Vitamin E is a free radical scavenger that captures reactive oxygen species and inhibits lipid and protein oxidation; its efficacy in NAFLD was confirmed in a 2015 meta-analysis that examined serum liver enzymes and liver histology [40]. However, the clinical utility and safety of long-term vitamin E administration await future verification.
Sodium glucose co-transporter 2 (SGLT2) inhibitors block the reabsorption of glucose filtered by glomeruli in the proximal renal tubules and lower blood glucose in an insulin-independent manner.
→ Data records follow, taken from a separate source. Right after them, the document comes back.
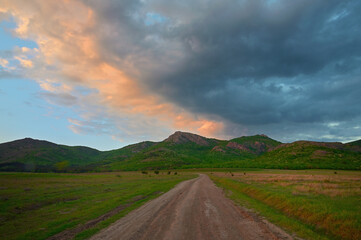 Road in Macin Mountains, Romania at Sunset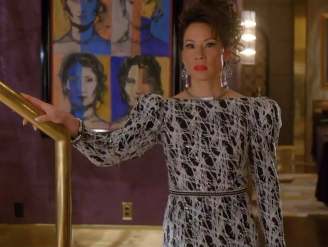 Lucy Liu as Simone Grove stands beside a gold staircase in Why Women Kill, wearing a black and white patterned gown. Behind her hangs a colourful pop‑art portrait painting by Spanish artist Manolo Valdés, featuring repeated faces in blue, orange and yellow tones against a deep purple wall.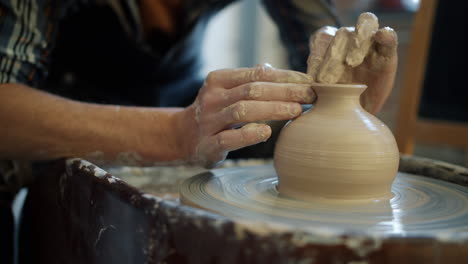 close-up view of a potter working on a pottery wheel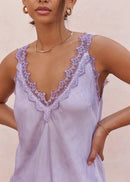 Woman wearing a light purple lace-trimmed top against a beige background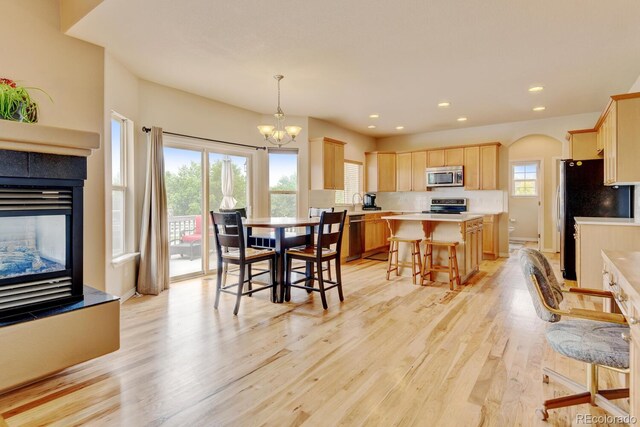 1864 Malibu Ct, Fort Lupton, CO 80621 - dining room featuring light wood-style flooring, a chandelier, a tiled fireplace, recessed lighting, and arched walkways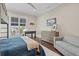 Stylish bedroom with a foosball table, hardwood floors, and comfortable sitting area with natural light at 676 Regatta Way, Bradenton, FL 34208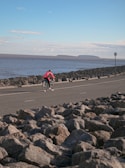 A cyclist riding along a coastal road with ocean views.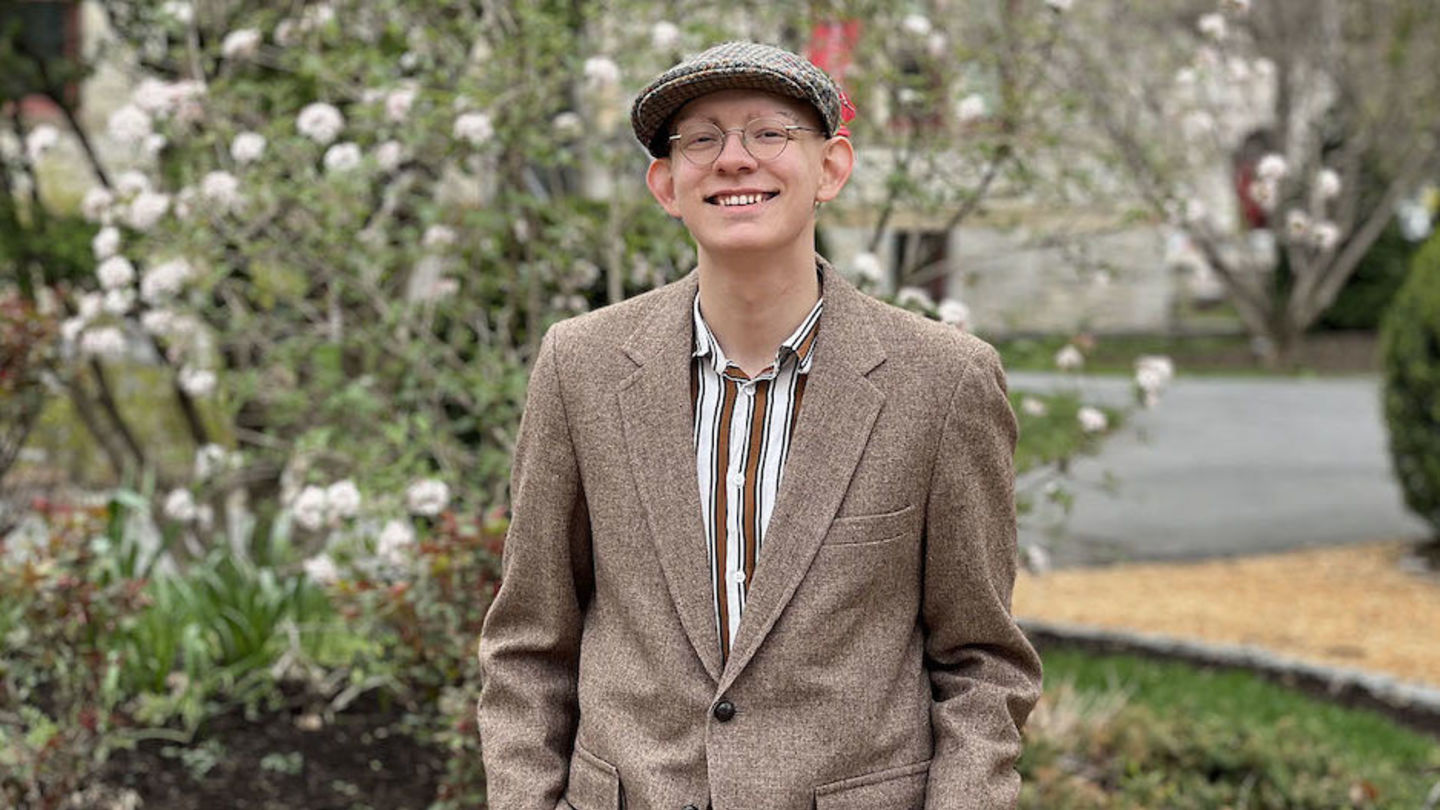 image of Austin standing in front of blooming flowers wearing glasses, a brown suit jacket, a hat and striped shirt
In terms of treatments for NAFLD, many reports have indicated that SGLT2 inhibitors improve liver function and decrease liver steatosis, rendering this class of drugs promising [41]. Improvements in inflammation, ballooning degeneration, and fibrosis have been reported only in a small number of patients and over a relatively short period of time. Therefore, studies elaborating on the usefulness of long-term administration of SGLT2 inhibitors in terms of improving liver histology are needed.
Biguanides, particularly metformin, are first-line antihyperglycemic drugs for the treatment of T2DM [42]. Pharmacological metformin doses improve mitochondrial respiration by increasing mitochondrial fission via AMPK activation, leading to suppression of glucose production in the liver [43]. Although numerous studies have been conducted, the effects of metformin on liver histology and serum liver enzymes have not been convincing [44,45]. However, since both clinical and basic studies have reported that carcinogenesis can be inhibited by metformin, large-scale long-term randomized trials of metformin, with and without concomitant drugs, are desirable [46].
Hydroxymethylglutaryl-CoA reductase inhibitors have been widely reported to improve serum lipid and liver enzyme concentrations, although no accurate histological evaluations have been conducted [47]. There have been several reports investigating the efficacy of ezetimibe in NAFLD, although no definitive conclusions have been reached [48]. Regarding ursodeoxycholic acid, no effect of regular doses on NAFLD has been shown [49], although it may be useful at high doses [50].
The involvement of HSCs in the development of NAFLD and fibrosis has been shown in many basic and clinical studies, and therapeutic interventions targeting angiotensin II receptors expressed on HSCs have also been investigated. Angiotensin II receptor blockers and angiotensin-converting enzyme inhibitors have been shown to reduce liver fibrosis and inflammation in patients with NASH, thereby improving liver histology and liver function [51,52,53]. Many patients with NASH have concomitant hypertension, and angiotensin II receptor blockers and angiotensin-converting enzyme inhibitors are widely used as antihypertensive drugs.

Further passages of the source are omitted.